There is a dangerous double standard for free speech happening on American campuses right now. I cannot understand for the life of me why the College Republicans backed down.

Eric Owens of The Daily Caller reports.

Insufferable St. Louis U. bureaucrat invents new way to screw over Republican students

Saint Louis University banned Scott Brown from speaking this week at an on-campus event sponsored by the school’s College Republicans chapter.

School officials claimed to fear that allowing the former Massachusetts senator to appear could trigger an IRS investigation and jeopardize SLU’s status as a tax-exempt institution, reports PoliticsMo, a website devoted to the state’s political scene.

“I get there yesterday and said, ‘we all set?’” Brown told the website. “They said, ‘the administration wouldn’t let you on campus, we couldn’t get a room.’”

Consequently, student organizers were forced to relocate the event to a restaurant several blocks away from campus.

Todd Foley, an assistant director with SLU’s student involvement center staff, explained the private Jesuit school’s imaginative, paranoid reasoning in an email obtained by PoliticsMo.

“The University has determined that Scott Brown is considered a candidate for public office and therefore falls under the provisions of the Tax Code from the IRS regarding educational institutions hosting candidates for public office.” Foley wrote. “His appearance here would be a violation of our Tax Exempt status as a 501(c)3.”

Brown was in St.
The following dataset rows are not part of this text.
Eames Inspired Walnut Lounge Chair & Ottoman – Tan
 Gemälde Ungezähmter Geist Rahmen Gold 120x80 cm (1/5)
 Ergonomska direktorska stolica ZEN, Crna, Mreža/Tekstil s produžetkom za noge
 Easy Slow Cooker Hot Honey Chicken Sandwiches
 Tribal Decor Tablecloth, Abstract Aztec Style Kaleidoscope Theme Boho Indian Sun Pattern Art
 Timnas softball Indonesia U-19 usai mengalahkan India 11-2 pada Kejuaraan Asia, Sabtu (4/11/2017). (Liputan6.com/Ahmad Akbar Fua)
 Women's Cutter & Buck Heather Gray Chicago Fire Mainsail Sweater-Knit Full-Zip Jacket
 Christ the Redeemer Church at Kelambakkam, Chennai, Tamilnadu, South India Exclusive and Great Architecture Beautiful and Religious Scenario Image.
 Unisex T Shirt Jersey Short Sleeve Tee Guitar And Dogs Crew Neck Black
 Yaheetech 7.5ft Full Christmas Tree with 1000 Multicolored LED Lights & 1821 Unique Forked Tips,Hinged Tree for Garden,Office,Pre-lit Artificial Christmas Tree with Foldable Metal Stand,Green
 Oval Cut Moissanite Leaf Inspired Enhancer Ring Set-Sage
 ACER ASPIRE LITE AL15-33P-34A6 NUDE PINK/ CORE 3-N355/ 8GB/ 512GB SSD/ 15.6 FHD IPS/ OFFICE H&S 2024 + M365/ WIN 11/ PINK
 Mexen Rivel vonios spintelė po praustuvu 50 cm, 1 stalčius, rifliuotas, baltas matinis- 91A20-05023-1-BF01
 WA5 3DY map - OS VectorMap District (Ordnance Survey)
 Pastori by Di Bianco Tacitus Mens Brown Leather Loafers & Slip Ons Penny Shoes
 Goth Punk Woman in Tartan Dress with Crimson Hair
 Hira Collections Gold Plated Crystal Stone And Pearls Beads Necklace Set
Louis as part of a three-city Missouri tour hosted by the state’s College Republicans. On Wednesday, he spoke at the University of Missouri-Columbia on Wednesday. On Thursday, he is scheduled to speak at Missouri State University in Springfield.

The former senator is not currently a candidate for any public office. However, Foley said, it’s conceivable that he may run for some office again one day, and that’s enough to outlaw the Republican’s appearance at a campus event.